[Opening DATASET CONTENT section]
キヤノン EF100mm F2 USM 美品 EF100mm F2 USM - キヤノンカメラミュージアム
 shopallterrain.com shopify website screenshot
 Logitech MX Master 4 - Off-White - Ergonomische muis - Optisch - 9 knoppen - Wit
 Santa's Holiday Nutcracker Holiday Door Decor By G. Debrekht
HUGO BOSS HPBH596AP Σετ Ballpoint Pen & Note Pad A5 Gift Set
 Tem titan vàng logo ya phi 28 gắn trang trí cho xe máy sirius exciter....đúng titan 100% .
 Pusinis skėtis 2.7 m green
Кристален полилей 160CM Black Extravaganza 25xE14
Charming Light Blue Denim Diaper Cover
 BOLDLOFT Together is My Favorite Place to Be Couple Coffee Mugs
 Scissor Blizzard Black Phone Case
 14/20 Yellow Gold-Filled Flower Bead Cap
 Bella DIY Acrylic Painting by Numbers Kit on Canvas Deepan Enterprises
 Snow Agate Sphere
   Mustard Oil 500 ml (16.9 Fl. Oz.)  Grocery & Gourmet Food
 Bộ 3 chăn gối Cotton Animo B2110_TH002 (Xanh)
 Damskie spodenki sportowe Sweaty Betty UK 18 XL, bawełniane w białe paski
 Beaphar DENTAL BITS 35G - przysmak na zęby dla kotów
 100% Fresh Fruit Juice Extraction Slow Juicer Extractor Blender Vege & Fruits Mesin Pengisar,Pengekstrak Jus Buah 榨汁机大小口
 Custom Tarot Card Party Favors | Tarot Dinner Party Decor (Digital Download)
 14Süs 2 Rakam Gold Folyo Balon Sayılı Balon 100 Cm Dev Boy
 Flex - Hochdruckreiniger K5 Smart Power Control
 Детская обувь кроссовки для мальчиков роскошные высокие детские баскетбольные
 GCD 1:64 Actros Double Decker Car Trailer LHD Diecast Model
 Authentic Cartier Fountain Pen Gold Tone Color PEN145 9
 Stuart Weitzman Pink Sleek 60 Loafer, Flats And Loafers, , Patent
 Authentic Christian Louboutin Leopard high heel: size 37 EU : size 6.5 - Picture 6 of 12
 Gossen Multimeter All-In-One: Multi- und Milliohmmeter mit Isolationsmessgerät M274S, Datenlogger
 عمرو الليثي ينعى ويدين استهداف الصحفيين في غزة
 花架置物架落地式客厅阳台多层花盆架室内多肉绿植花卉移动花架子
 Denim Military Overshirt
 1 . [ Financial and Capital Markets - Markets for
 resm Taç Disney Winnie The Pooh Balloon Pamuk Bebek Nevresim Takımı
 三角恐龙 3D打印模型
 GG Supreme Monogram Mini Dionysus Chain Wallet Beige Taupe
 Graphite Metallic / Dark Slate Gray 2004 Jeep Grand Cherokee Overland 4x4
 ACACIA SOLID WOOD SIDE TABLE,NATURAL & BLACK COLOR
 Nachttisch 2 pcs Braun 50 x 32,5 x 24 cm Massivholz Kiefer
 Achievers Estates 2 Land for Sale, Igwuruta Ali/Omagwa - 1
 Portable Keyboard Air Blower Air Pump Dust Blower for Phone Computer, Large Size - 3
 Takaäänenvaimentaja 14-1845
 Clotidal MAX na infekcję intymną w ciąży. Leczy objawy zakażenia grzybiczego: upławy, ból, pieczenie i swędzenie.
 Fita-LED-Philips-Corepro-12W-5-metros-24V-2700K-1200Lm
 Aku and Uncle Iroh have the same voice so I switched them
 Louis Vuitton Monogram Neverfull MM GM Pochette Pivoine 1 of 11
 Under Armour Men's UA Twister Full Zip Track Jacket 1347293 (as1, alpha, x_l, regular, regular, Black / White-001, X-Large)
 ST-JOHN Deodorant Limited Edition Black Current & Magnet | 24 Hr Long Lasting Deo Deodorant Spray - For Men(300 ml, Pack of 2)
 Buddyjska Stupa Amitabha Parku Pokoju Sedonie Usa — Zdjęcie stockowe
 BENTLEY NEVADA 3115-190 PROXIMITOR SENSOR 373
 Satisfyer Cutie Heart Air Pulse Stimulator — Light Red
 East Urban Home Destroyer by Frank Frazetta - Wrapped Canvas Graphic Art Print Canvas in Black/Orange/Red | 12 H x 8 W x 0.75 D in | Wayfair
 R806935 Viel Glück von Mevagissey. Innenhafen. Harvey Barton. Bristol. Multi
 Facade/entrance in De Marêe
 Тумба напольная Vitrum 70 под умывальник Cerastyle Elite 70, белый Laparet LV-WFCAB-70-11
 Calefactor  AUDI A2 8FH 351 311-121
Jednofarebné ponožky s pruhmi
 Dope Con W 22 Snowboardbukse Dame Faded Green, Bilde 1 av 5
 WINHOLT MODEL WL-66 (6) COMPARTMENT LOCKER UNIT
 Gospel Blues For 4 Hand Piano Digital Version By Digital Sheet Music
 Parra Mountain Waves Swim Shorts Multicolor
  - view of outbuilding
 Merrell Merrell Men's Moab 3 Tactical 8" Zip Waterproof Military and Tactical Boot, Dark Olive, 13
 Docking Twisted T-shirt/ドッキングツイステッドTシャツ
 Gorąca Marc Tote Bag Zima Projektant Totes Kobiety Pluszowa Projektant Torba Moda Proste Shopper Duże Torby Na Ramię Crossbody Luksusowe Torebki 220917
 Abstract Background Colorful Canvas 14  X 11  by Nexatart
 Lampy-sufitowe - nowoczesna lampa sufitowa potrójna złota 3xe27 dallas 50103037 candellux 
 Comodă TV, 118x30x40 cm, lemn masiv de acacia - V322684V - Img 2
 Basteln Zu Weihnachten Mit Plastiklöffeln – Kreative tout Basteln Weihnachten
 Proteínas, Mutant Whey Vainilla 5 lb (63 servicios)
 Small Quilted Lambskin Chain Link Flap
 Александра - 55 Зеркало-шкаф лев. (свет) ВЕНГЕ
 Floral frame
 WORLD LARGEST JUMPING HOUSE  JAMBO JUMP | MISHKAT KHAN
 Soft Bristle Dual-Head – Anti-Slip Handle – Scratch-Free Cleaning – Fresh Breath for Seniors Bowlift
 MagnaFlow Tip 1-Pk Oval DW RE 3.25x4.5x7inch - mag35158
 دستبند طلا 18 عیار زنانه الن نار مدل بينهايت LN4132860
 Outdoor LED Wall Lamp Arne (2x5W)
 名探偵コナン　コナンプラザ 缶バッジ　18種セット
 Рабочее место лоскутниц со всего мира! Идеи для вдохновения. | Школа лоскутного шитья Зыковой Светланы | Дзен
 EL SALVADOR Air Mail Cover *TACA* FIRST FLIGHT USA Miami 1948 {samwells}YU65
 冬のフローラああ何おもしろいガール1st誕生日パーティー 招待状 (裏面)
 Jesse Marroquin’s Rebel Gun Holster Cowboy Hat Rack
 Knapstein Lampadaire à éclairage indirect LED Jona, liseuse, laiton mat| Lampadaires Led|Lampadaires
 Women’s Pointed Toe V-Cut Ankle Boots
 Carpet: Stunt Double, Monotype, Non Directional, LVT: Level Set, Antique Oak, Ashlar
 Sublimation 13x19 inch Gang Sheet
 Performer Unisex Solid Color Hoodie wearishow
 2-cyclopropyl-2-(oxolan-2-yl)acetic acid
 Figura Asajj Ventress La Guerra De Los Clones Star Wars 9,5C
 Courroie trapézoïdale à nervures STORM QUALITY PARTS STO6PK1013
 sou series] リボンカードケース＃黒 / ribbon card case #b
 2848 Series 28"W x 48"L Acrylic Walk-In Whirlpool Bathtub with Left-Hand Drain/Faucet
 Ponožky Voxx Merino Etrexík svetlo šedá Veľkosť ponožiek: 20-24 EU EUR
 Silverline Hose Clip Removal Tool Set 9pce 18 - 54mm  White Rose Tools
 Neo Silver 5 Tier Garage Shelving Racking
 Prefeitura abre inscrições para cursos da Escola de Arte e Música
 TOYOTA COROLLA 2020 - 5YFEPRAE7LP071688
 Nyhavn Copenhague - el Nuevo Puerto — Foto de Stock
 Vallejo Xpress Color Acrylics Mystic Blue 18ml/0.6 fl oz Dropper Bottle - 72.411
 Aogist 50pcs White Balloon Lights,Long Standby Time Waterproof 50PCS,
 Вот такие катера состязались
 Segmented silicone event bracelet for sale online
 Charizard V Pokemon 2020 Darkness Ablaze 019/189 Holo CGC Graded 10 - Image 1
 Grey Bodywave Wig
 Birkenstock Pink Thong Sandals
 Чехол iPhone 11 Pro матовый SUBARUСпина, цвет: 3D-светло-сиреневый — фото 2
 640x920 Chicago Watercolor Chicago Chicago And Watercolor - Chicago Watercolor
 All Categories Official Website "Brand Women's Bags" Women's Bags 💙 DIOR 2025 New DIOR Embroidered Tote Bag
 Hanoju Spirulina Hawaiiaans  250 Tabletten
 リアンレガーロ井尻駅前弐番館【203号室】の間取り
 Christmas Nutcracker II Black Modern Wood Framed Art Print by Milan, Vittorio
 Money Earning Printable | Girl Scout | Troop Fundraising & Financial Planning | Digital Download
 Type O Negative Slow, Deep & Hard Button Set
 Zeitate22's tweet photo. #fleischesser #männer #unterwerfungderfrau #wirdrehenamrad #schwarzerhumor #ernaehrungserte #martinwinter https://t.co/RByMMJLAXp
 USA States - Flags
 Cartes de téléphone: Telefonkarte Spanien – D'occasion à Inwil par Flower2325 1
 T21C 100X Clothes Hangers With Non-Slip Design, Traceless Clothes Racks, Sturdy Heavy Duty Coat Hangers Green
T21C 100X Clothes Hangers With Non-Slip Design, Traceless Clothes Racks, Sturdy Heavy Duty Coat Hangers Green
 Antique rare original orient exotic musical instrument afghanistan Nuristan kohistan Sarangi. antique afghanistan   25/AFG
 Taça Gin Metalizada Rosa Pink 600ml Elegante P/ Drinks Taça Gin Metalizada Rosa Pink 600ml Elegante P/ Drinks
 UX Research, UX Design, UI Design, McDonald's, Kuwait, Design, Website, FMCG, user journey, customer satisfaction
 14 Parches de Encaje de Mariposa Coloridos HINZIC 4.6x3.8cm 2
[Closing DATASET CONTENT section]
◆ **WHAT IS BEING ASKED**
Scan the listing above for the line that has "عمرو الليثي ينعى", then copy exactly from that line through the line that has "Clotidal MAX na".

◆ **RESULT**
 عمرو الليثي ينعى ويدين استهداف الصحفيين في غزة
 花架置物架落地式客厅阳台多层花盆架室内多肉绿植花卉移动花架子
 Denim Military Overshirt
 1 . [ Financial and Capital Markets - Markets for
 resm Taç Disney Winnie The Pooh Balloon Pamuk Bebek Nevresim Takımı
 三角恐龙 3D打印模型
 GG Supreme Monogram Mini Dionysus Chain Wallet Beige Taupe
 Graphite Metallic / Dark Slate Gray 2004 Jeep Grand Cherokee Overland 4x4
 ACACIA SOLID WOOD SIDE TABLE,NATURAL & BLACK COLOR
 Nachttisch 2 pcs Braun 50 x 32,5 x 24 cm Massivholz Kiefer
 Achievers Estates 2 Land for Sale, Igwuruta Ali/Omagwa - 1
 Portable Keyboard Air Blower Air Pump Dust Blower for Phone Computer, Large Size - 3
 Takaäänenvaimentaja 14-1845
 Clotidal MAX na infekcję intymną w ciąży. Leczy objawy zakażenia grzybiczego: upławy, ból, pieczenie i swędzenie.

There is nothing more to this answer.